Accounts from different refugees are consistent enough to lend a great deal of credibility to some of those accounts. But eyewitness accounts by survivors like Zheniqi are rare, either because the killing was done efficiently enough to prevent survivors, or because the sheer terror of minutes like those on the embankment at Bela Crkva prevents survivors from recounting their ordeals.

Zheniqi said that when he was brought across the border by relatives he told human rights investigators what had happened at Bela Crkva. But until now he has not given journalists a full account his experience.

Human Rights Watch separately interviewed Zheniqi and four other witnesses, who corroborated parts of his account.

Zheniqi was the only one who testified that he saw the actual killing, Human Rights Watch officials said. Four women who were separated from the men at Bela Crkva heard the shots as they were walking to Zrze and later returned to see the bodies.

And other refugees told Human Rights Watch that they were among the group of 20 or so people who returned the day after the killings to bury the bodies.
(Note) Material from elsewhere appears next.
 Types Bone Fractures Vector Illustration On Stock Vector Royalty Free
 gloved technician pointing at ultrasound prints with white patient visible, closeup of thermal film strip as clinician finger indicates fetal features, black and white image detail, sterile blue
"All the witnesses gave us highly credible and unusually consistent accounts of what happened at Bela Crkva," said Fred Abrahams of Human Rights Watch. "They corroborated what the eyewitness told us."
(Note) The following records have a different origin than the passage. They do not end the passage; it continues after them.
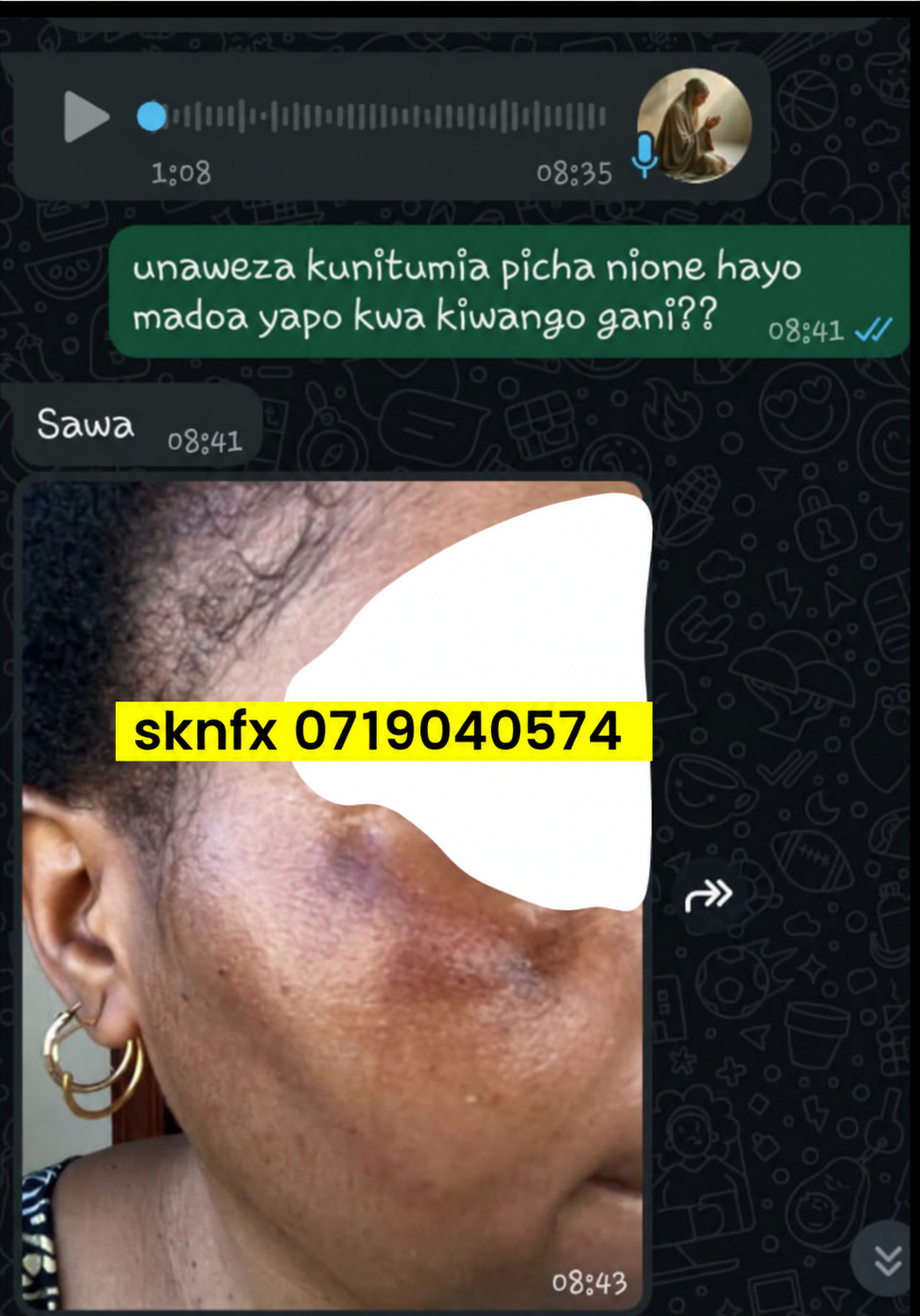 Sehemu ya pili ya story ya mteja wa SKNFX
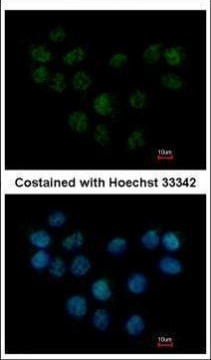 SMC1B Antibody in Immunocytochemistry (ICC/IF)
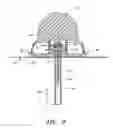 Fig. 09 - Infusion set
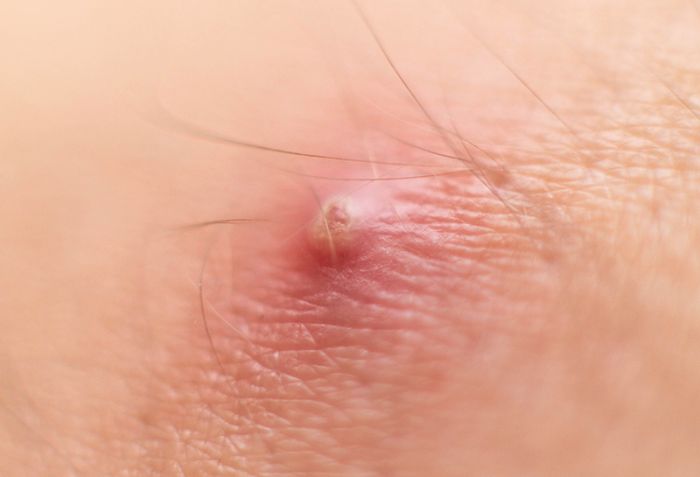 Mụn nhọt l&agrave; g&igrave;?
The other witnesses appear to have left Kukes since they were interviewed. It was impossible to confirm the killings independently, beyond the refugee accounts, since reporters and independent investigators have been unable to visit that area of Kosova since the bombing started.

Today Zheniqi lives in a Kukes pool hall, with his daughter and her family. He cannot use his right arm because of the bullet wound, and during the days he can often be seen dozing in the sun outside the pool hall, trying to steal some moments of the rest that eludes him every night because of his terrible dreams.
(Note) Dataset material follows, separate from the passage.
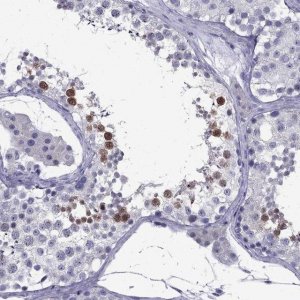 Anti-POM121L12 antibody produced in rabbit 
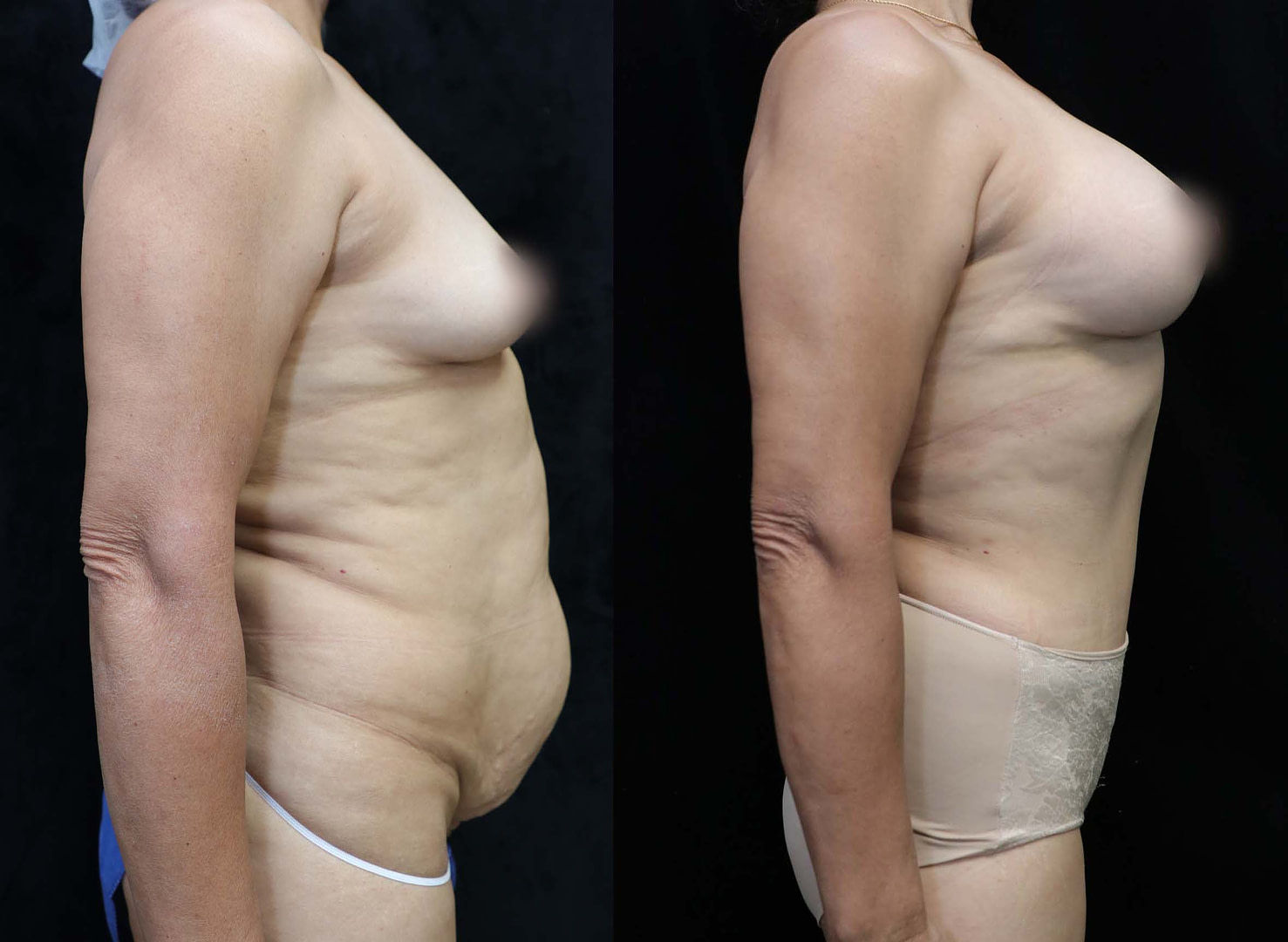 mommy makeover before and after right photos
"My daughter tells me 'Father, sleep, why don't you sleep?' " Zheniqi said. "But I can't. All those dead bodies on top of mine. When I meet someone from Kosova and they ask me what happened, I cry. I'm embarrassed, because I'm 39 years old and I'm crying."

The slightly built farmer, who worked for eight years in Switzerland before returning to the fertile soil of southwestern Kosova, said that before the turmoil in Kosova began over a year ago, he had almost no contact with Serbs living nearby.

But the area was a known stronghold of the Kosova Liberation Army, and the Serbs were advancing ruthlessly on rebel positions, including the area of Bela Crkva. Zheniqi said that he was not a member of the rebel force and that none of those killed had any connection to the Kosova Liberation Army.

About 3:30 a.m. on March 25, on the first night of NATO bombings in Yugoslavia, Serbian forces started their operation, Zheniqi said. He said he saw about a dozen Serbian tanks take positions in Bela Crkva. "One was in front of my house," he said. Anticipating violence, he took his family and his brother's family -- 17 people in all -- and ran to the nearby mountains to hide.

When the streets again fell silent, they returned, thinking the tanks had moved on. But they hadn't. Smoke soon rose from the houses of Bela Crkva that were closest to the road from Prizren to Rahovec. Zheniqi and his family fled again, this time scrambling down the deep banks of a large nearby stream. It was about 4:30 a.m.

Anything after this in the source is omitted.